REQUIREMENT :: For this exercise, output the entries below exactly from the line that holds "Femme portant un" to the line that holds "A historic mansion", both ends included. No pictures belong in the copy.

───── RECORDS SUPPLIED ─────

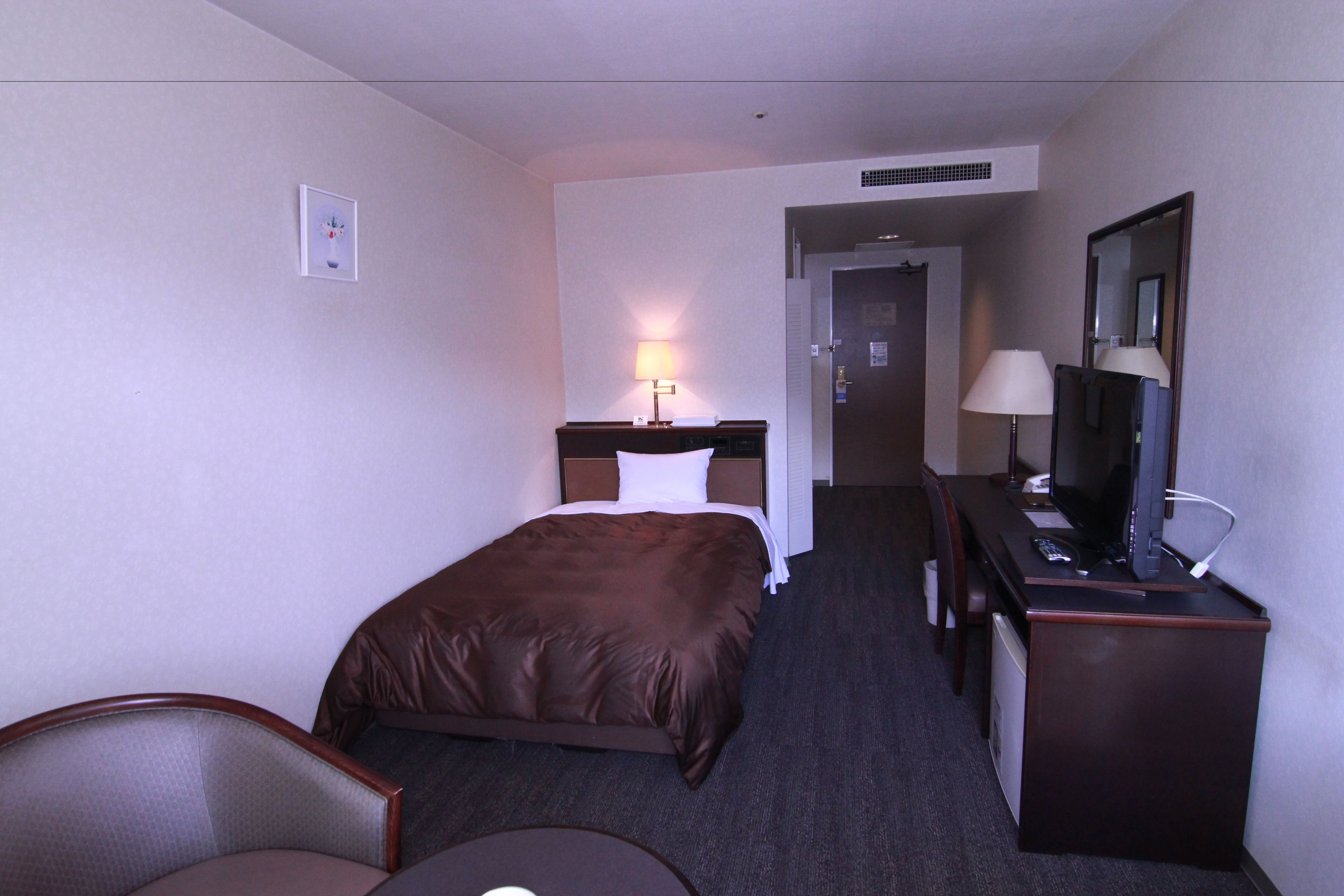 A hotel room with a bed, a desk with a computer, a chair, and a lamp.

─────
───── RECORDS SUPPLIED ─────

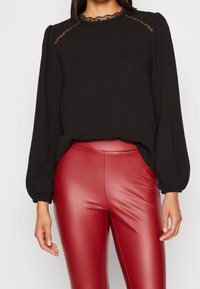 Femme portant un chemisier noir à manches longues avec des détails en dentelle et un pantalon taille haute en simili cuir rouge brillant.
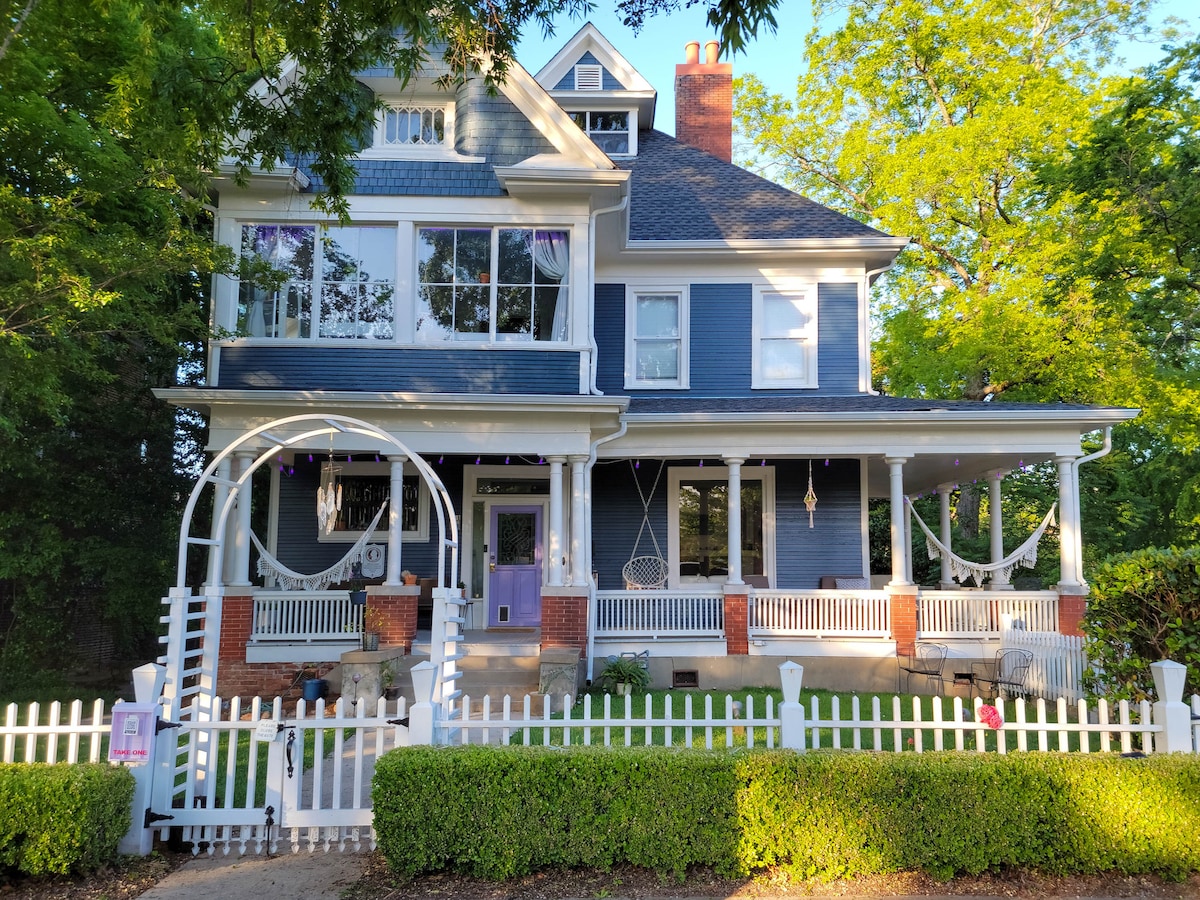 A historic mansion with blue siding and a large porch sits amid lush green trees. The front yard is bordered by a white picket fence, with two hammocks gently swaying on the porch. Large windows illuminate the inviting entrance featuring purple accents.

─────

OUTPUT BELOW ::
 Femme portant un chemisier noir à manches longues avec des détails en dentelle et un pantalon taille haute en simili cuir rouge brillant.
 A historic mansion with blue siding and a large porch sits amid lush green trees. The front yard is bordered by a white picket fence, with two hammocks gently swaying on the porch. Large windows illuminate the inviting entrance featuring purple accents.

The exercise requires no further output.